TASK INPUT:
____

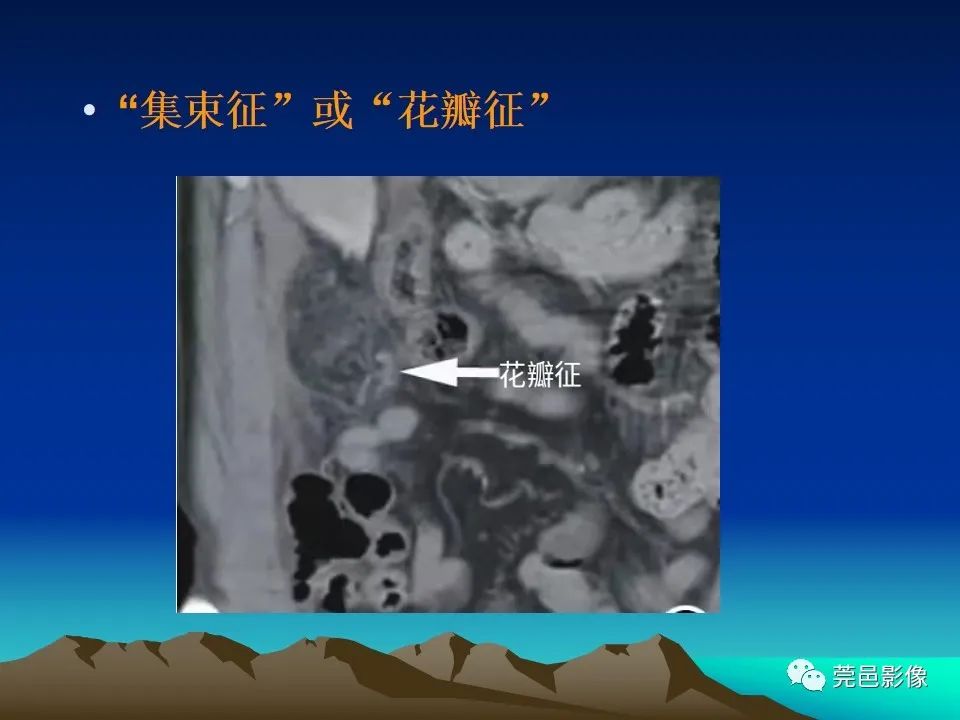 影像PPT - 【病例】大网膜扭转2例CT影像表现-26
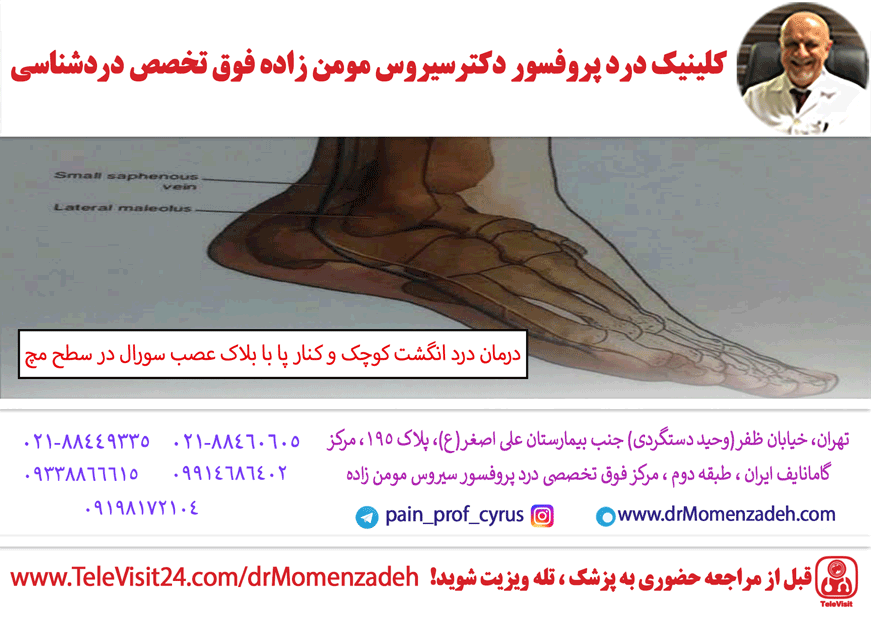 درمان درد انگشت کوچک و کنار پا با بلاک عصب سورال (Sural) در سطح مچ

____

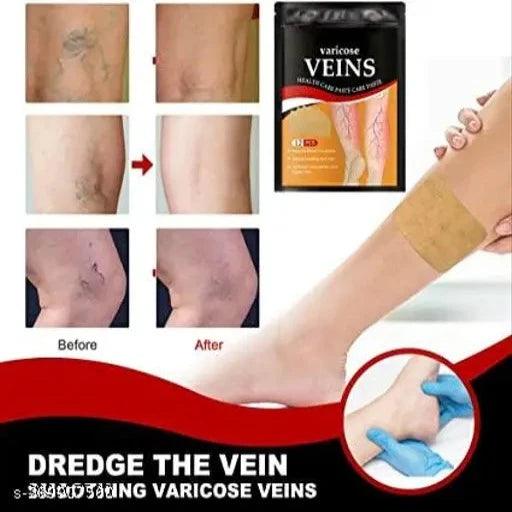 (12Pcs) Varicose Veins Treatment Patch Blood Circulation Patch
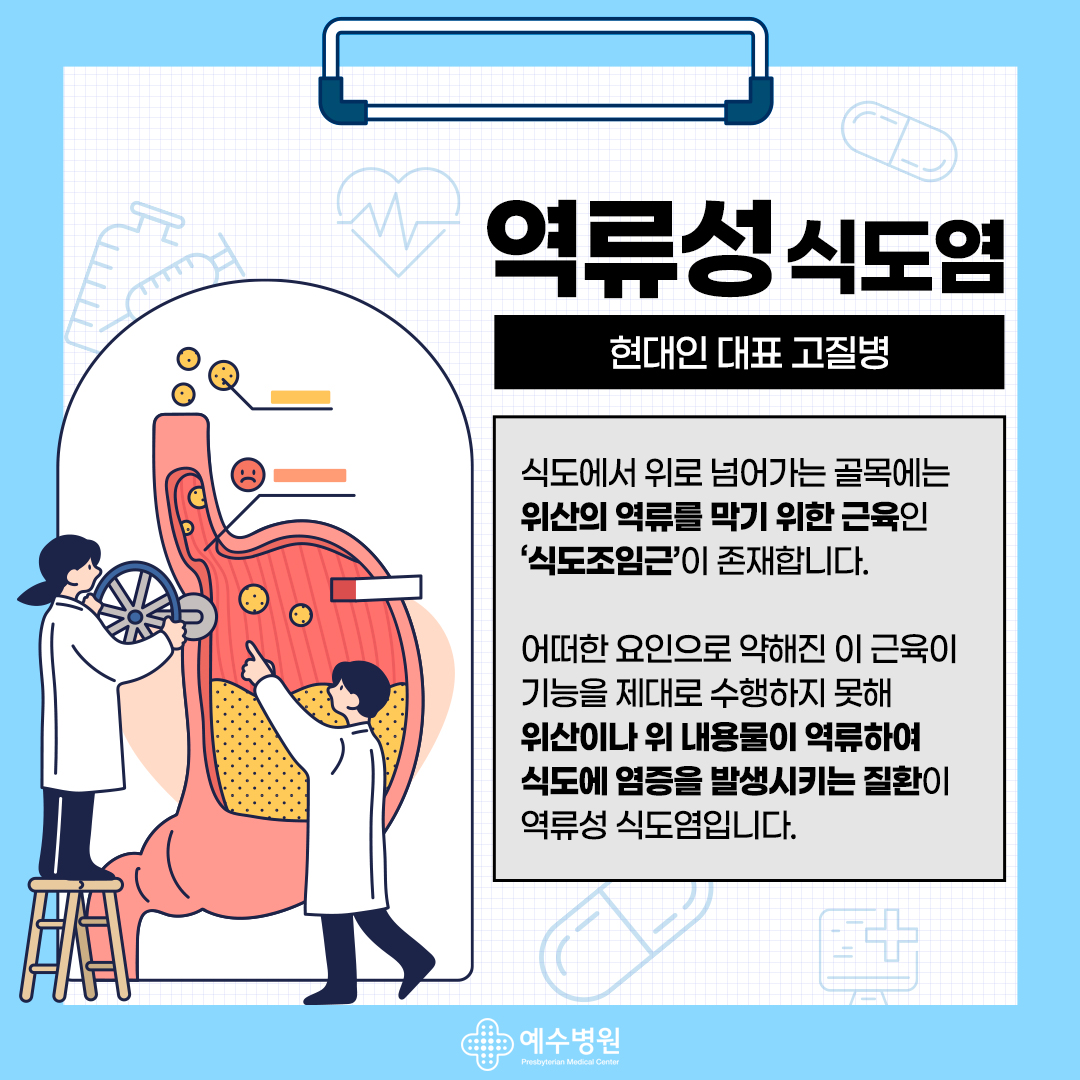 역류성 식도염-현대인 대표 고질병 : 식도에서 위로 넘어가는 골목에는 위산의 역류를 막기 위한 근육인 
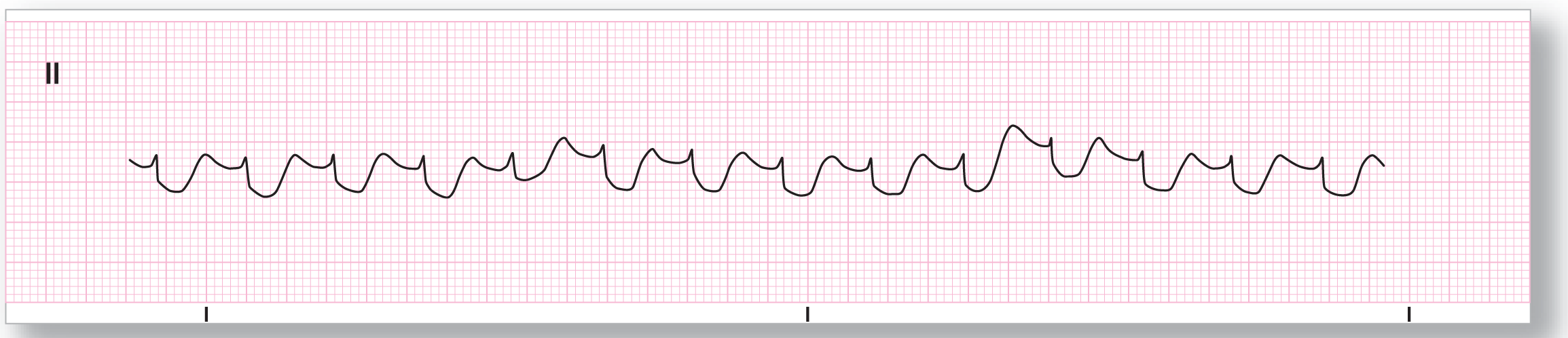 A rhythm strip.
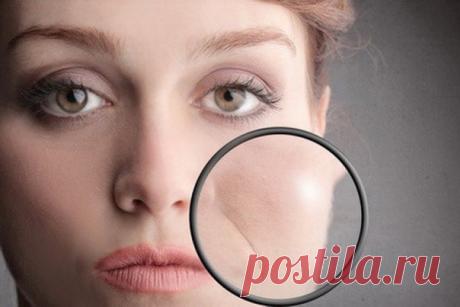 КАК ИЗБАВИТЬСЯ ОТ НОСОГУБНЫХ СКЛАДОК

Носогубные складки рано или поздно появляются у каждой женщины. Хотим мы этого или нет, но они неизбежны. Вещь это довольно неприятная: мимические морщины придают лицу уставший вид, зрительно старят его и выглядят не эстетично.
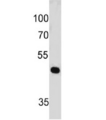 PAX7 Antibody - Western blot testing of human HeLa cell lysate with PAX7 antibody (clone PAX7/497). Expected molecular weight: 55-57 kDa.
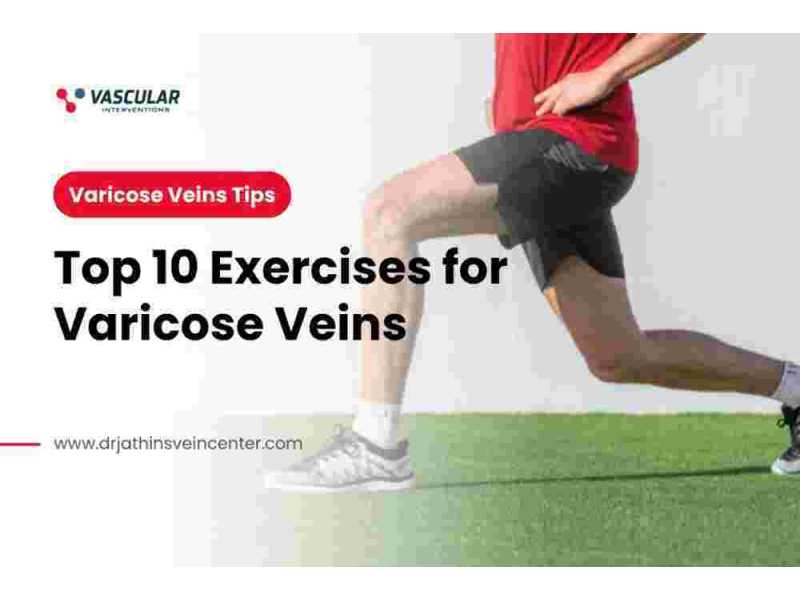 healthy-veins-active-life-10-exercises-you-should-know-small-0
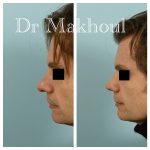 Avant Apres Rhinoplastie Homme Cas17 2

____

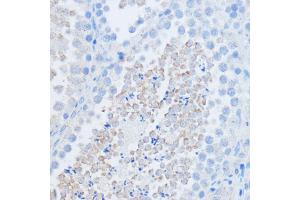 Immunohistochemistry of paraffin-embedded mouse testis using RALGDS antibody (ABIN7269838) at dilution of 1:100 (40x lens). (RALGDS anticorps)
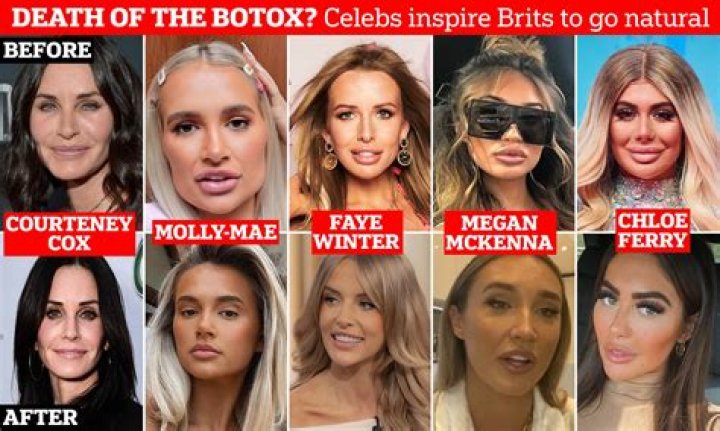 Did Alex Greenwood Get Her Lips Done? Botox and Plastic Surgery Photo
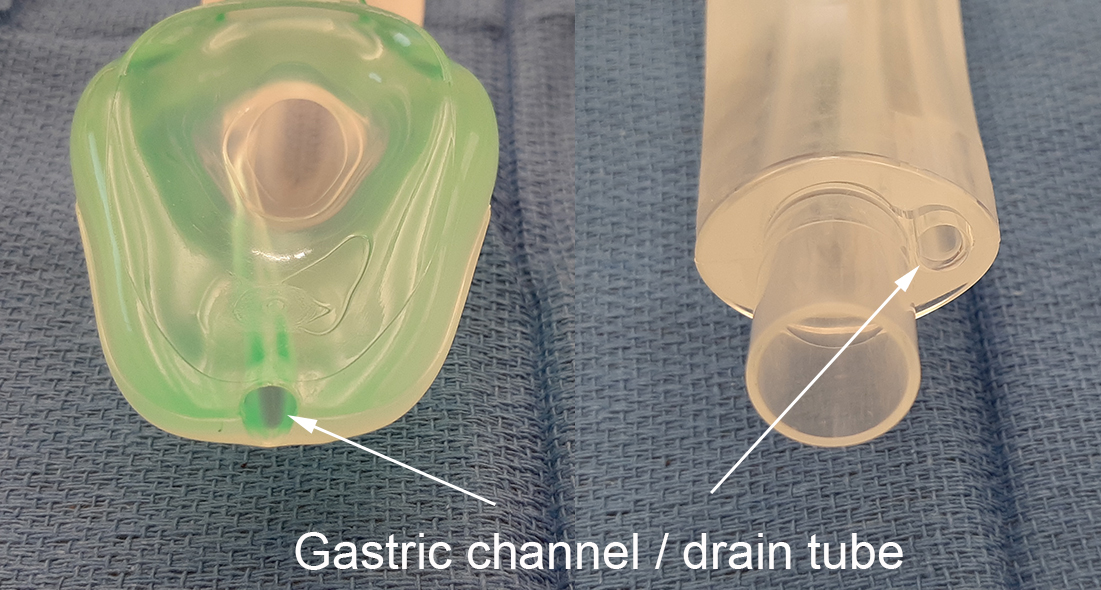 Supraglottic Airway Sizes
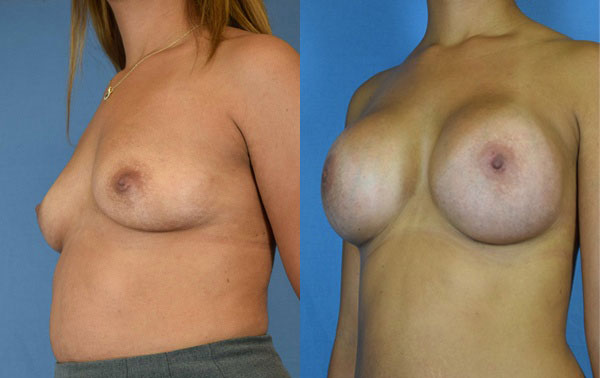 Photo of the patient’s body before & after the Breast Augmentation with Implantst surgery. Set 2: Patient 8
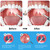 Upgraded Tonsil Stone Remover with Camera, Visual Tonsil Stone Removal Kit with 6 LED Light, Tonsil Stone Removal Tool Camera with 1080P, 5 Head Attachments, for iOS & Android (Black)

____

YOUR TASK: Lines from the one above containing "Did Alex Greenwood" down to the one containing "Upgraded Tonsil Stone" should be transcribed exactly, with both ends kept and no pictures.

TASK SOLUTION:
 Did Alex Greenwood Get Her Lips Done? Botox and Plastic Surgery Photo
 Supraglottic Airway Sizes
 Photo of the patient’s body before & after the Breast Augmentation with Implantst surgery. Set 2: Patient 8
 Upgraded Tonsil Stone Remover with Camera, Visual Tonsil Stone Removal Kit with 6 LED Light, Tonsil Stone Removal Tool Camera with 1080P, 5 Head Attachments, for iOS & Android (Black)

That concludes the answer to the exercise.